As for the bugs: Anyone who thinks that the bugs are the good guys had better watch the scene where they have massacred the innocent (yes, innocent) Mormon colonists.
 
If Verhoeven's going to adapt the book, he has an OBLIGATION to care about it.

That doesn't mean transcribing the book onto the big screen though. Great adaptions take the source material and adapt it for the screen like Blade Runner--few books would make great screenplays if you directly transcribe them because the medium is suited for a different style of storytelling.

Would I have wanted to sit through the long, classroom speeches present in the book during a movie? Not particularly, I will read them with no problem... Do I want to see the propaganda videos? Yes. Would I read them? Sure, but I don't think they would have been nearly as enjoyable.

As for the bugs: Anyone who thinks that the bugs are the good guys had better watch the scene where they have massacred the innocent (yes, innocent) Mormon colonists.

Neither side are "the good guys." Both sides have their reasons to act as they do. The way I watch the movie, I see the bugs as the defenders and Humanity as the aggressors.

IIRC, weren't those colonists essentially invading the land 'cause the bugs were there first? Not sure about this, but at that point Humanity had already been slaughtering the bugs, maybe? So, it sounds like the bugs were again defending themselves, this time from potential attack.
 
The way I watch the movie, I see the bugs as the defenders and Humanity as the aggressors.

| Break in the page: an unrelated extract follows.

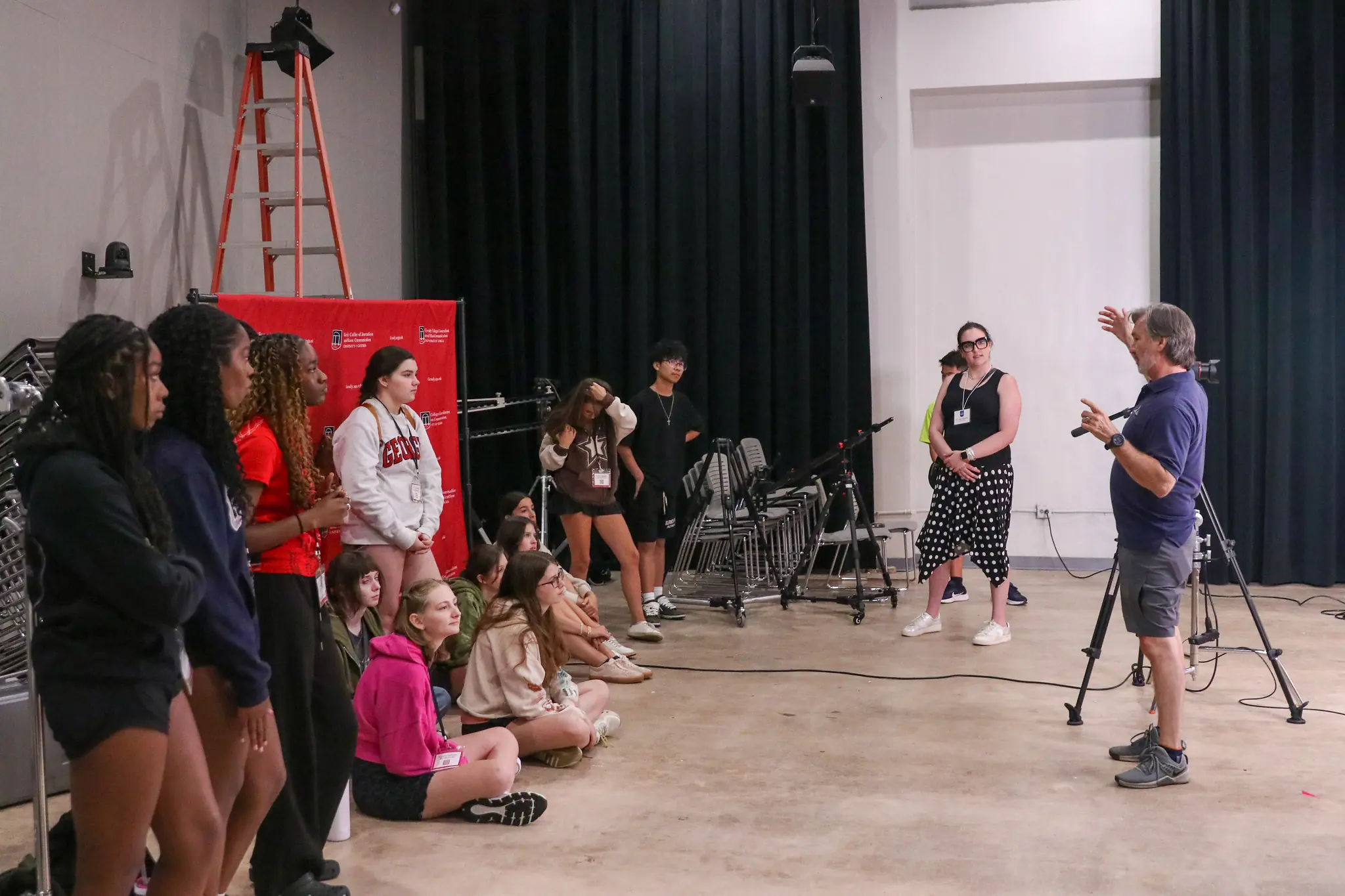 A group of students listens to an instructor gesturing while standing in a studio with black curtains, a camera on a tripod, and a red ladder in the background. Some students are seated on the floor, others stand.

Exactly. Therefore, the film plays the bugs as the good guys, the innocent victims who were only defending themselves. :rolleyes:

IIRC, weren't those colonists essentially invading the land 'cause the bugs were there first?

The FedNet narrator said that the colonists "disregarded Federal warning", but what this exactly was, is unclear. We don't know what the Feds warned them *about*. Could have been just something like "that's a dangerous area, don't go there".

In any case, there had to have been something else the bugs could have done to warn the colonists away, other than wholesale slaughter... The 'brain bugs' are intelligent, why didn't they say something? "Hey you, this is our land, get out"?


Not sure about this, but at that point Humanity had already been slaughtering the bugs, maybe?

No, I don't think the war had started yet.
 
I think it was made pretty clear that the (mormon?) colonists were the ones that were trying to colonize bug territory, and that this started the conflict.